▸ **PROMPT**: Your task is to transcribe the data exactly while omitting each picture.

▸ **DATA SECTION**:
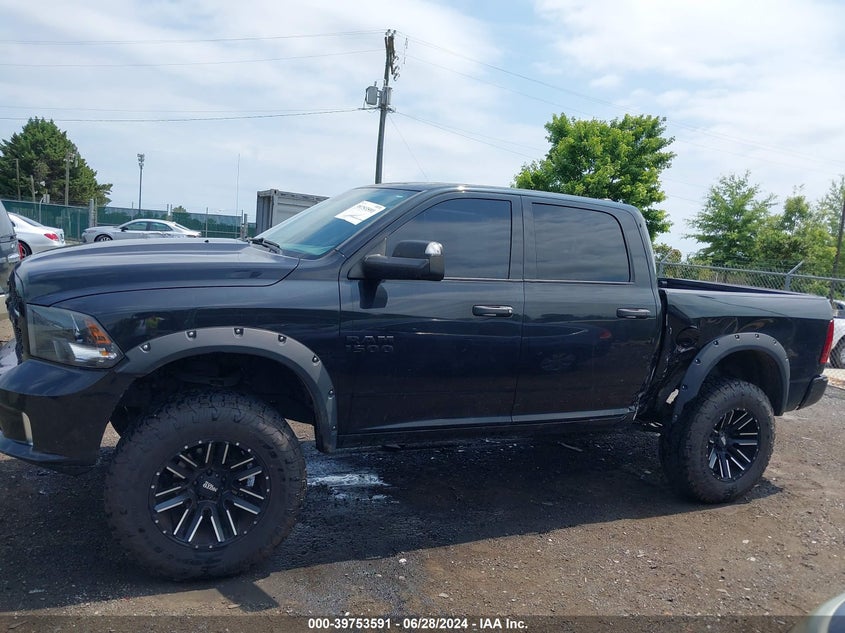 2017 RAM 1500 EXPRESS  4X4 5'7 BOX - 1C6RR7KT8HS834196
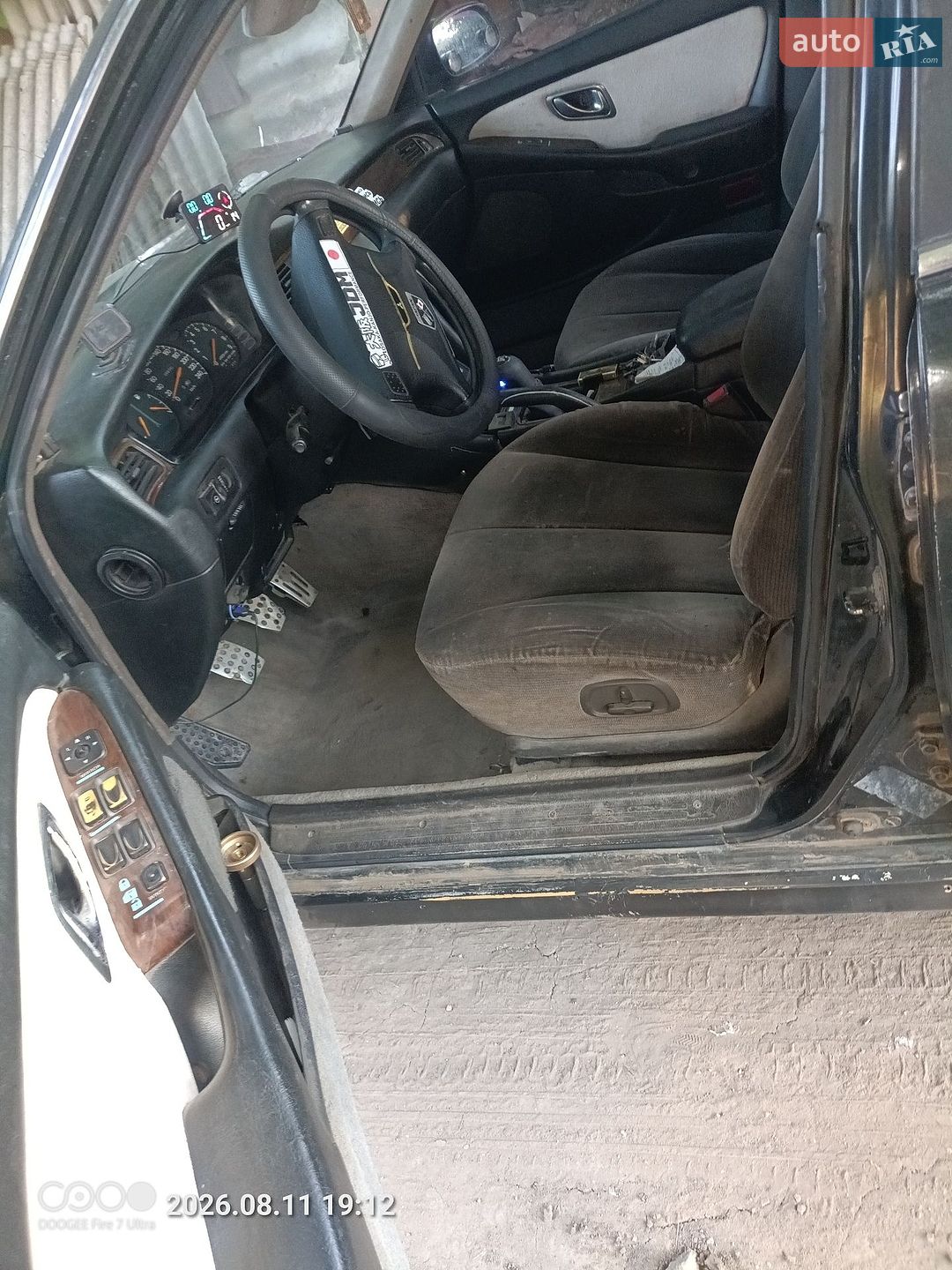 Mitsubishi Sigma 1991 VIN JMBSNF16AMY001827 фото оголошення 9 з 15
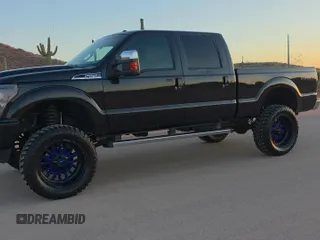 ✅ 2015 Ford F-250 Lariat • VIN: 1FT7W2BT9FEC80321 • Lot: 62563965. Listed on Copart with 128,581 mi. Free auction sales archive from the USA and detailed vehicle history report at DreamBid. Image 11.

▸ **EXPECTED ANSWER**:
 2017 RAM 1500 EXPRESS  4X4 5'7 BOX - 1C6RR7KT8HS834196
 Mitsubishi Sigma 1991 VIN JMBSNF16AMY001827 фото оголошення 9 з 15
 ✅ 2015 Ford F-250 Lariat • VIN: 1FT7W2BT9FEC80321 • Lot: 62563965. Listed on Copart with 128,581 mi. Free auction sales archive from the USA and detailed vehicle history report at DreamBid. Image 11.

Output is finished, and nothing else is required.